The health system represents over 10% of our economy and around 10% of the workforce. 5% of all road traffic is related to health and social care activity. This can place high demands on the environment if not carefully managed. Latest estimates for the consumption carbon footprint (covering emissions from building energy use, travel to and from sites, as well as goods and services purchased) for the NHS, public health and social care system in England is 26.6 million tonnes of carbon dioxide, representing 39% of public sector emissions in England alone. The NHS is the largest public sector contributor to climate change in Europe.
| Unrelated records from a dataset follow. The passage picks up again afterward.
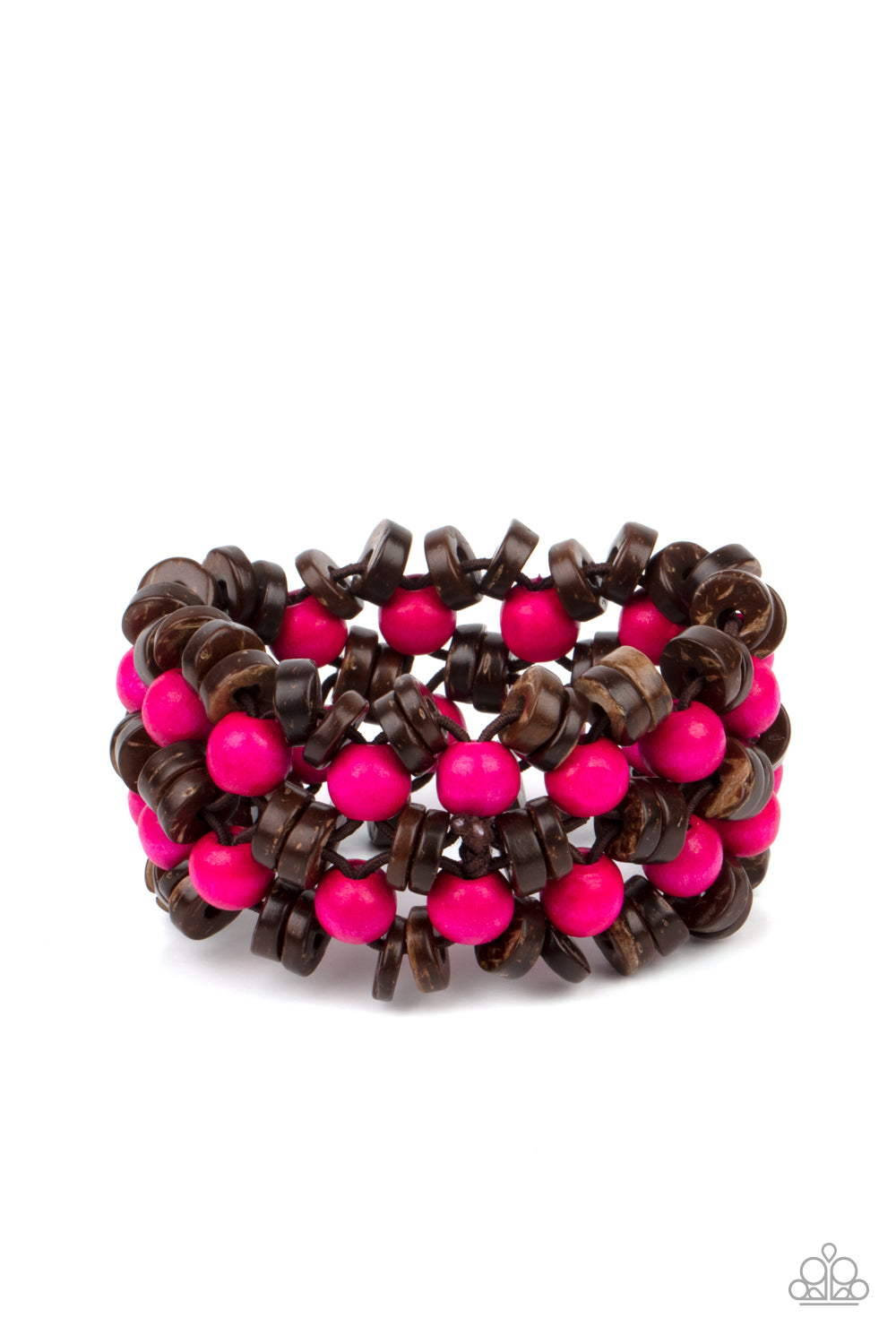 Paparazzi Tahiti Tourist - Pink Bracelet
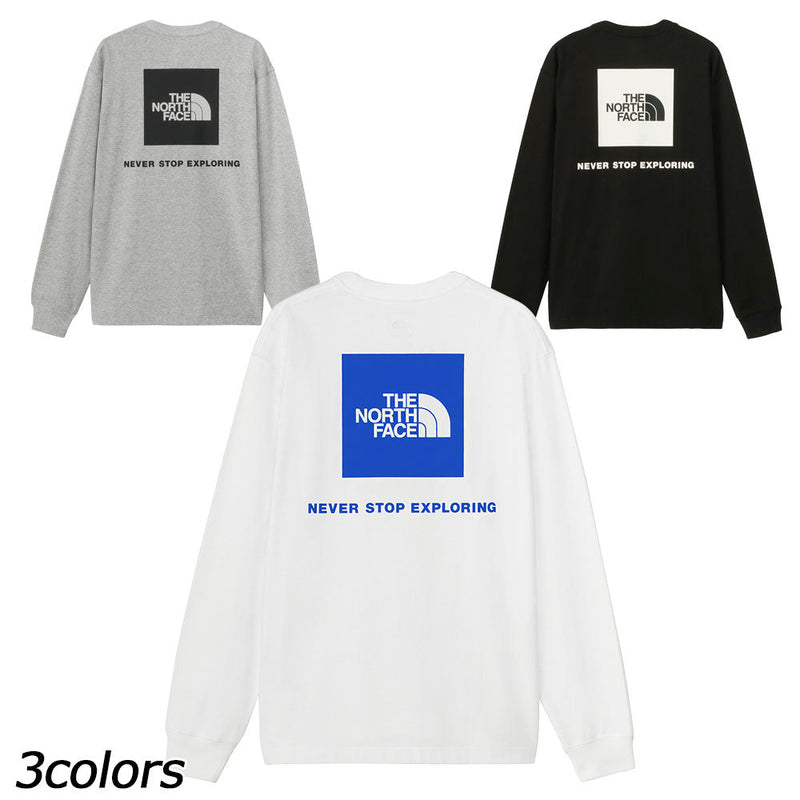 ノースフェイス ロングスリーブバックスクエアロゴティー NT82333 Tシャツ 長袖 ユニセックス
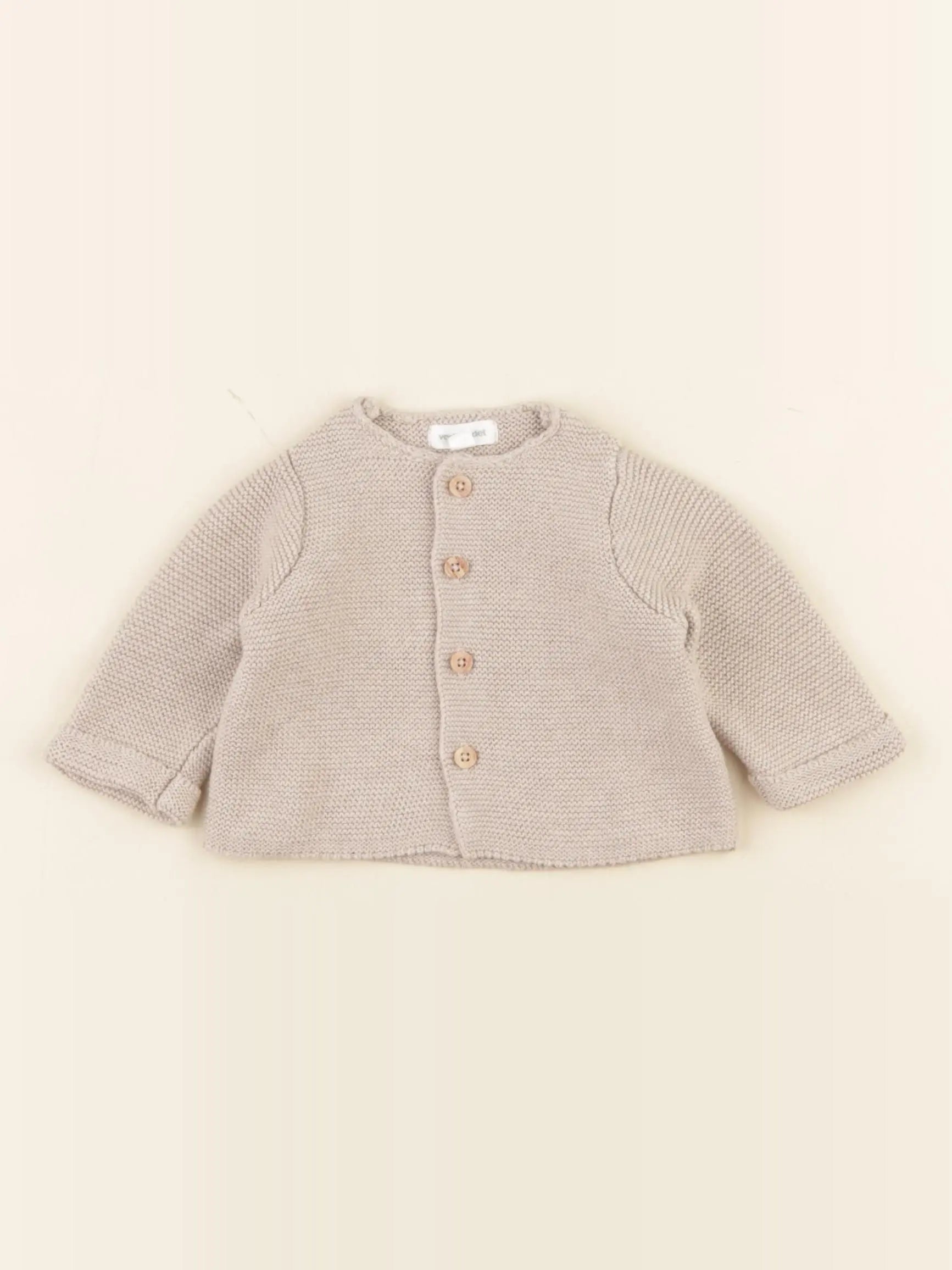 Vertbaudet - gilet marron - 1 mois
The work of the NHS Sustainable Development Unit shows how the carbon footprint of the health system has been reduced over recent years, and how it can be reduced further by designing, running, commissioning and purchasing goods and services sustainably. As well as the direct result on the UK’s emissions, this could also work to shape local economies in a sustainable direction. In addition, the NHS – as the country’s most cherished institution – has the power to set social standards. If the NHS operates sustainably, it will put pressure on others to do the same.

Championing efforts

However, action from the health system mustn’t stop with its own emissions. Health professionals have an essential role to play in championing policies to mitigate climate change, including by garnering popular support for them. The health sector has the trust of the population and have played a pivotal role in developing a popular support for far reaching legislation in the past, from smoking bans to mandatory seatbelts. Now is the time to play a prominent role in fostering a national public debate about the health effects of climate change. The UK Health Alliance on Climate Change brings together range of health professionals to advocate for responses to climate change.

Ensuring action benefits disadvantaged groups

Climate change will hit those on lower incomes, with poorer health, the hardest. But so will certain measure to fight climate change.

Domestic energy, for example, is responsible for more than a quarter of our energy use. One response that some propose is to remove subsidies on household energy bills to decrease energy use. Yet high fuel prices and cold housing are a significant cause of poverty and excess winter deaths, so higher energy prices are likely to make this worse for the poorest.

There are, however, often responses to climate problems that also have positive health impacts for disadvantaged groups. Investment of public resources in a programme of insulating homes, starting with those on the lowest incomes, would have a positive impact on both health and emissions. It could also provide jobs, reducing the risks to health posed by unemployment, and, if coupled with a procurement policy that supported quality jobs, would maximise the health benefits of employment.

Directors of public health and their teams are particularly well placed to coordinate climate action that improves, rather than undermines, the health of the poorest. They can monitor drivers of, and health threats from, climate change in their area, champion policies that improve both health and sustainability and then support healthy, sustainable action by convening departments, organisations and groups, investing and pooling resources and using their research expertise to evaluate impact. We know that such practice, however, is currently very difficult in the context of austerity and cuts to public health budgets, forcing a narrow focus on the short term and the statutory. Ironic, given the government’s supposed commitment to ill health prevention.

A public health opportunity

As we scour our economy for the deeper carbon cuts we now need, the health system should be front and centre. This means the NHS and social care leading by example. Health professionals – from national leaders to front line staff – can play a key role in driving public debate, championing efforts and facilitating and supporting sustainability in decision making and action at all levels, while ensuring that action promotes, rather than undermines the health of the poorest.

Climate change is a daunting public health risk. But if tackling it runs side-by-side with reducing health disparities between rich and poor, climate change could also be a great public health opportunity.